# Finally Set up to Reload



## 220combat (Oct 26, 2007)

Thanks to all the posts here and questions answered by the great members here, I just finished setting up my Lyman T-Mag press with Lee Dies in .45ACP and .270WIN. It is noce to have a rifle and pistol set up on the ame turret. I used the Lee Auto Disk powder measure, which I seem to really like, except I have to charge two dummies and dump them back into the hopper before I take a good charge. All the vibration from the first die must compact the powder a little.

I chose the turret style because there seems to be less chance of errors because I can concentrate on one function at a time instead of three or four.

I loaded up some .45ACP with win brass, Rainier 230gr TMJ with 6 gr Unique. Worked great yesterday at the range. Time to start tweaking the load to find out what the Sig really likes.


----------



## gmaske (Jan 7, 2008)

Congrats! Sounds like you are off to a great start.


----------



## Charlie (May 13, 2006)

Welcome to the club (you'll be a brass whore now!!:anim_lol


----------



## mccoy (Dec 31, 2007)

The problem related to the initial lesser discharge of powder may be worked out, if the type of powder allows, by slightly and thorougly shaking by hand the hopper before screwing it into the die mouth. A littel shaking, in the fashion of mild vibration, causes a densification and homogeneization of the granular powder particles. Last time I tried it was all right from the first reload on...
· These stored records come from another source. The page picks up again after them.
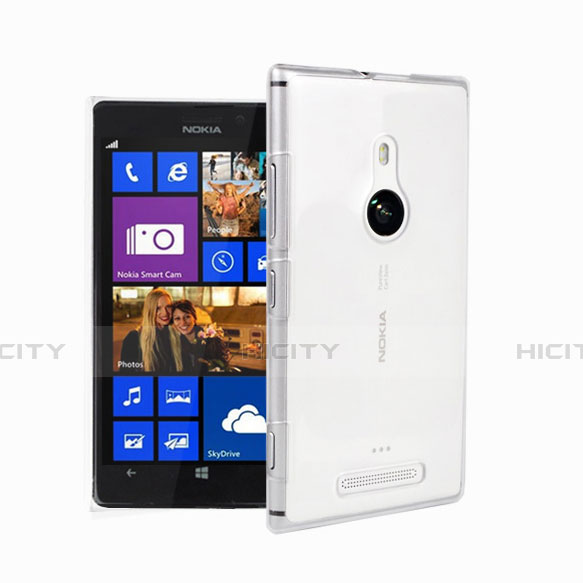 Carcasa Dura Cristal Plastico Rigida Transparente para Nokia Lumia 925 Claro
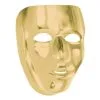 Balloon Agencies Full Face Mask Gold
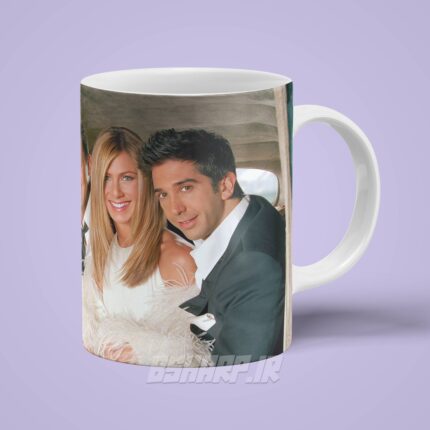 ماگ Friends طرح عروسی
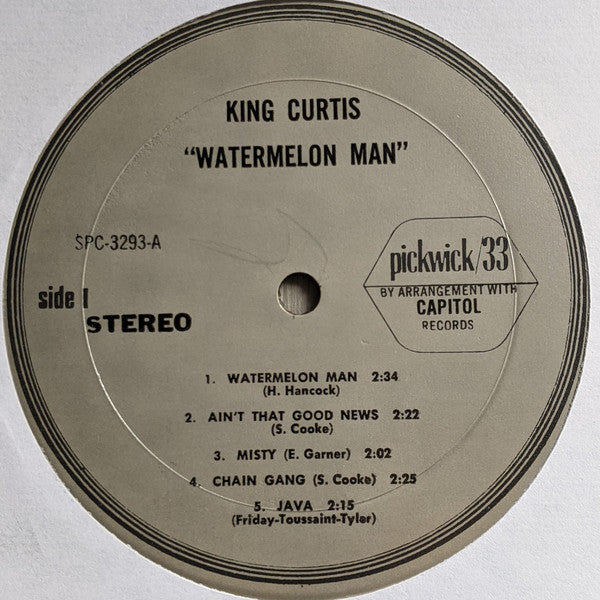 King Curtis : Watermelon Man (LP, Comp)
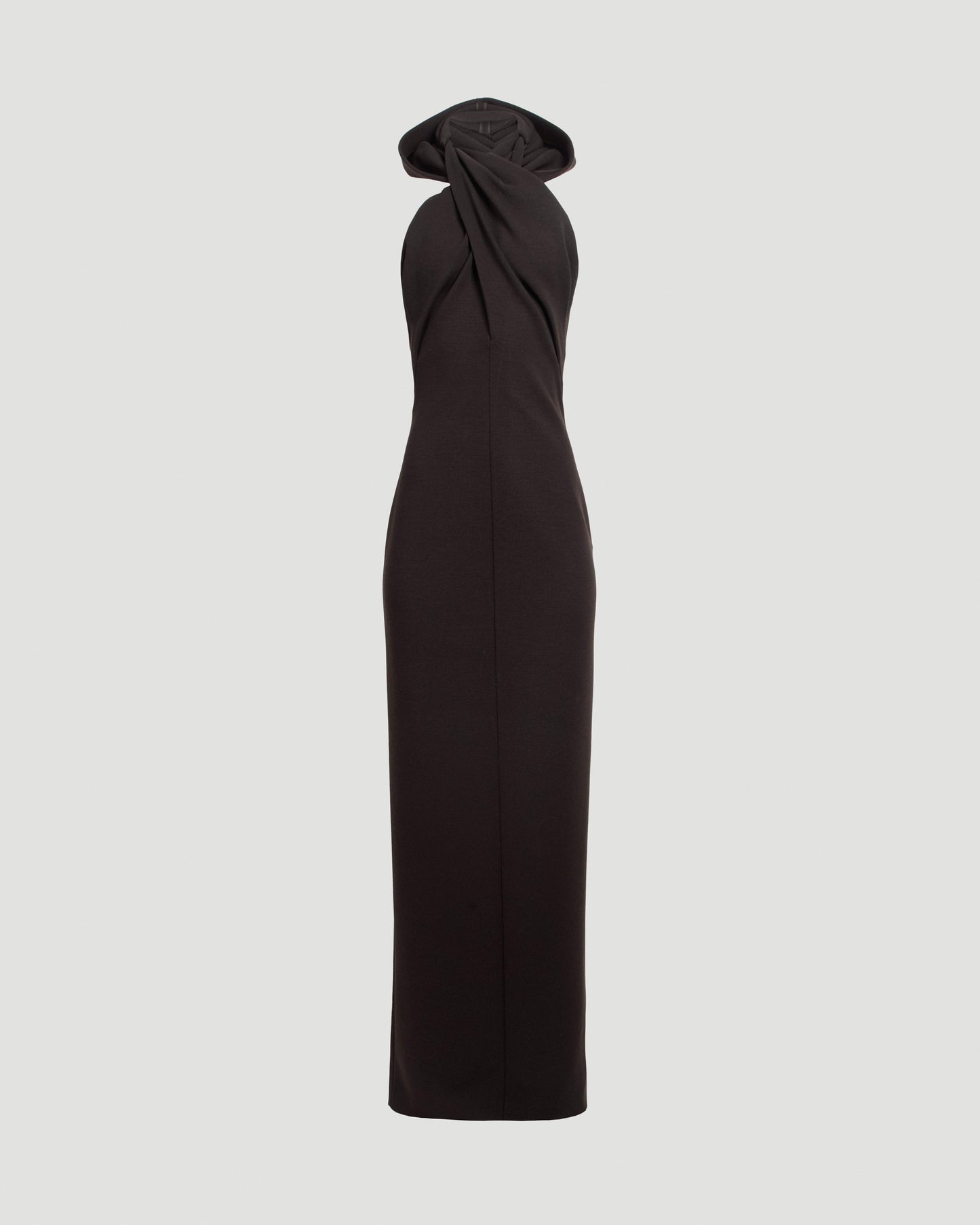 LONG GOWN WITH HOOD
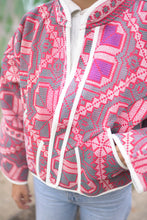 Load image into Gallery viewer, Kantha Short Jacket
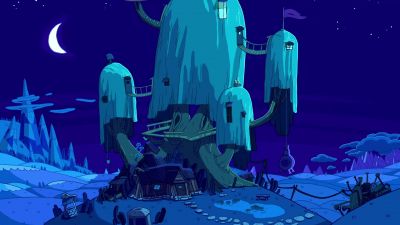 >> Jake: [ SNORING ] - Adventure Time
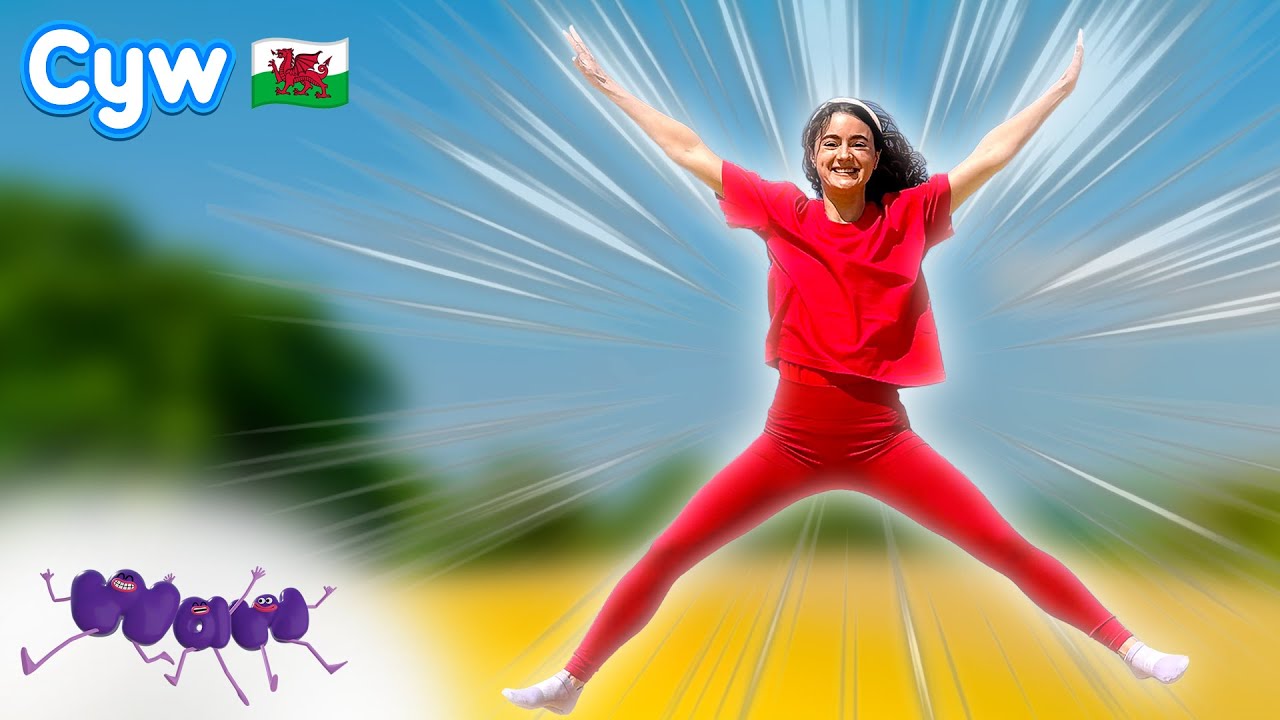 Waw! Grymoedd - Disgyrchiant | Welsh Science for Kids 🏴󠁧󠁢󠁷󠁬󠁳󠁿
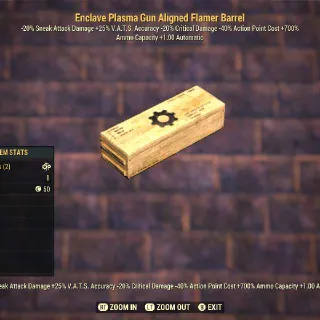 Enclave Aligned Flamer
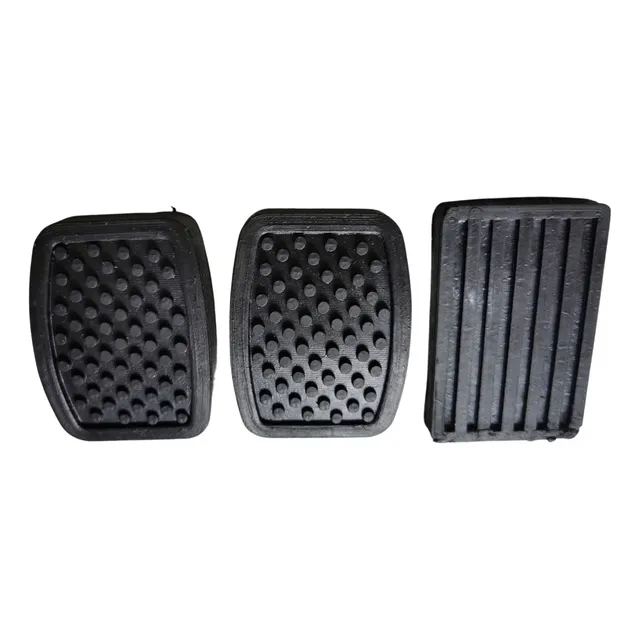 Cauchos Pedales Para Suzuki Lj80/sj410/chevrolet Samurai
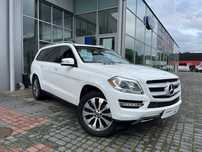 Mercedes-Benz GL Piękny Biały Czysty Zadbany Sprzedaje Autoryzowany Dealer Forda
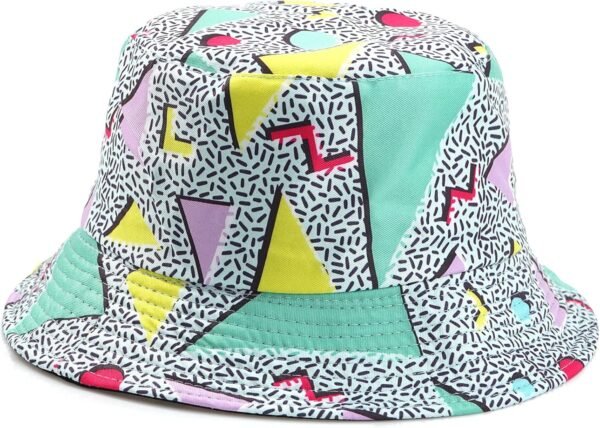 Unisex Bucket Hat Summer UPF 50+ Sun Protection Outdoor Beach Fishing Travel Hiking Hat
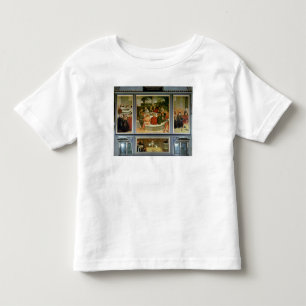 Triptychon Kleinkind T-shirt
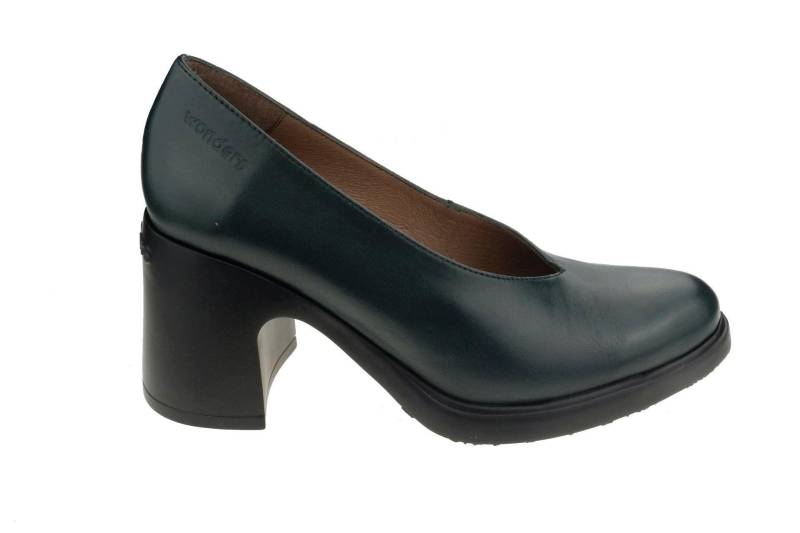 Eley - Leder Pumps Damen Grün 41 von Wonders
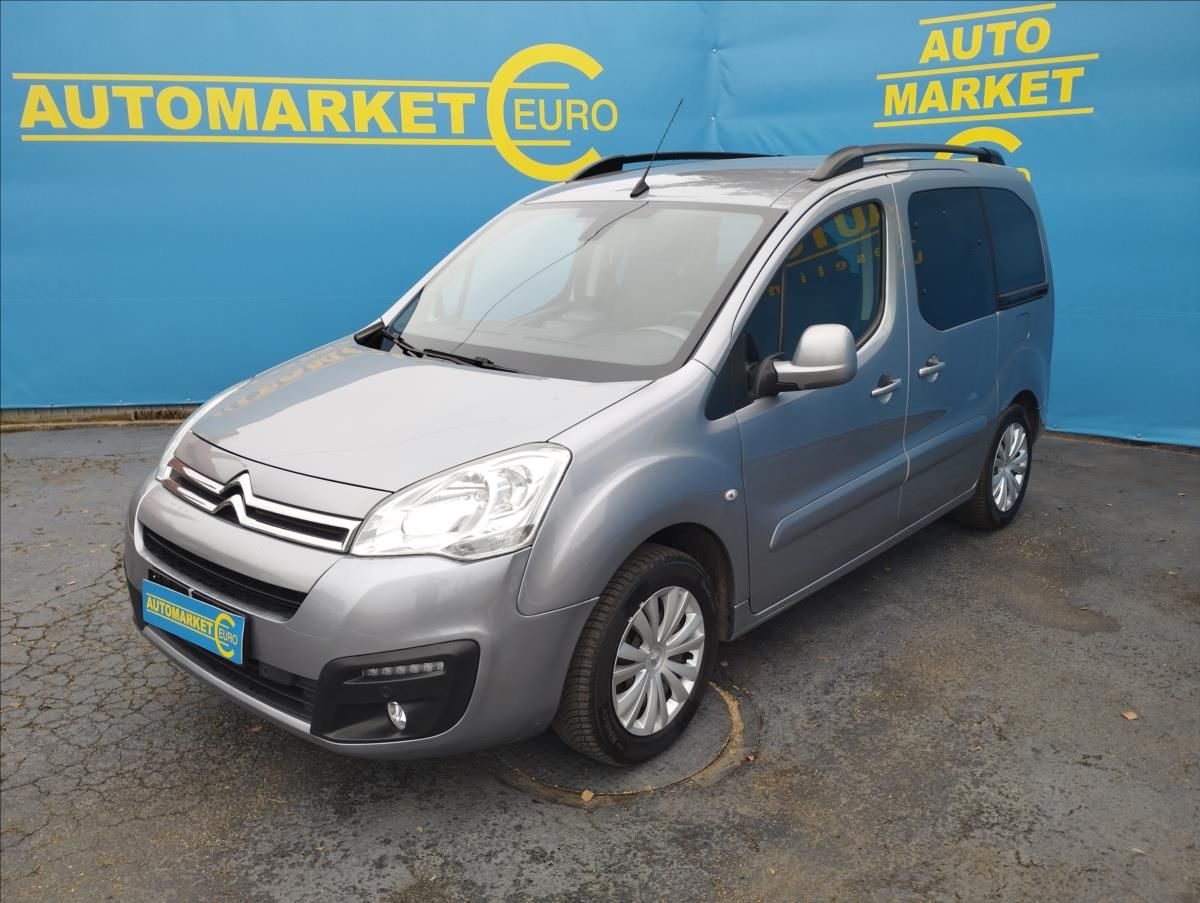 Citroën Berlingo, 1,6 HDi 73KW Multispace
A coupel of dummies won't hurt though.


----------



## 220combat (Oct 26, 2007)

I leave the powder feeder screwed onto the top of the die, so shaking won't work. I don't mind dumping a few dummies back into it to be safe


----------



## TOF (Sep 7, 2006)

Congratulations.

Continue testing the first 2 or 3 charges to make certain things are as they should be.

:smt1099


----------



## 220combat (Oct 26, 2007)

I also pull a charge every 10-15 to make sure things are staying the same. This has been a very fun and educational experience. I'm glad I took the time to learn.


----------



## Dsig1 (Dec 23, 2007)

Now that you are up and running, could you share a bit of info with those of us contemplating reloading.

1. What was the total cost of entry?
2. How much time/study went into getting started?
3. Have you calculated a cost per reloaded round? (My reloader charges me .17 for 40 cal and .19 for 45 ACP, using my brass)
4. How long does it take to set up and load XXX amount of rounds in a single loading session?
5. From answer #'s 1 and 3, one can calculate the total break even cost of ownership, excluding labor cost. (Could calculate and insert a labor cost thus increasing the break even point)

I'm interested to see how many rounds I'd have to load to make this investment worthwhile according to my lifestyle.

Thanks.


----------



## Baldy (Jun 21, 2006)

Here's a little deal that will help you figure out cost per round. Good luck.
http://www.handloads.com/calc/loadingCosts.asp


----------



## benzuncle (Aug 29, 2007)

220 Combat, I always zero out my scale and weigh the first few charges with my Pro Auto Disk for peace of mind. I dump them back into the hopper as I haven't spent the couple o'bucks for a funnel. Check your charge as often as you need to, to keep yourself in a comfortable frame of mind. Once I got to that point, I usually check the first and last charge for every box of 50 45ACP's I load for my Sig Sauer P220 Compact. It's nice loading your own, ain't it. And there're some real knowledgable guys on this site that can teach you and I all 'bout it. Keep us posted and be ready to share...


----------



## 220combat (Oct 26, 2007)

I haven't calculated the cost per round yet or my total cost of equipment. I'll figure it out soon.

What would cause powder to blow back when firing? I noticed with my loads that I was getting hit in the face with a tiny bit of something after each shot.


----------



## mccoy (Dec 31, 2007)

Dsig1 said:


> Now that you are up and running, could you share a bit of info with those of us contemplating reloading.
> 
> 1. What was the total cost of entry?
> 2. How much time/study went into getting started?
> ...


Dsig1,
from my calcs I figured out a break even point of 3 months, firng 1000 38specials per month. My press is not a very costly one, I'm waiting to decide for another one.

Labour cost: you may construe it as an hobby so labour cost would be zero. Otherwise, if time at the bench means time subtracted to other lucrative occupations, you should buy one of the more advanced presses, capable of a high hourly production.
I'm thinking about that. It will only shift my breakeven point a few months ahead, and subtract max 1-2 hours a week to jobs.


----------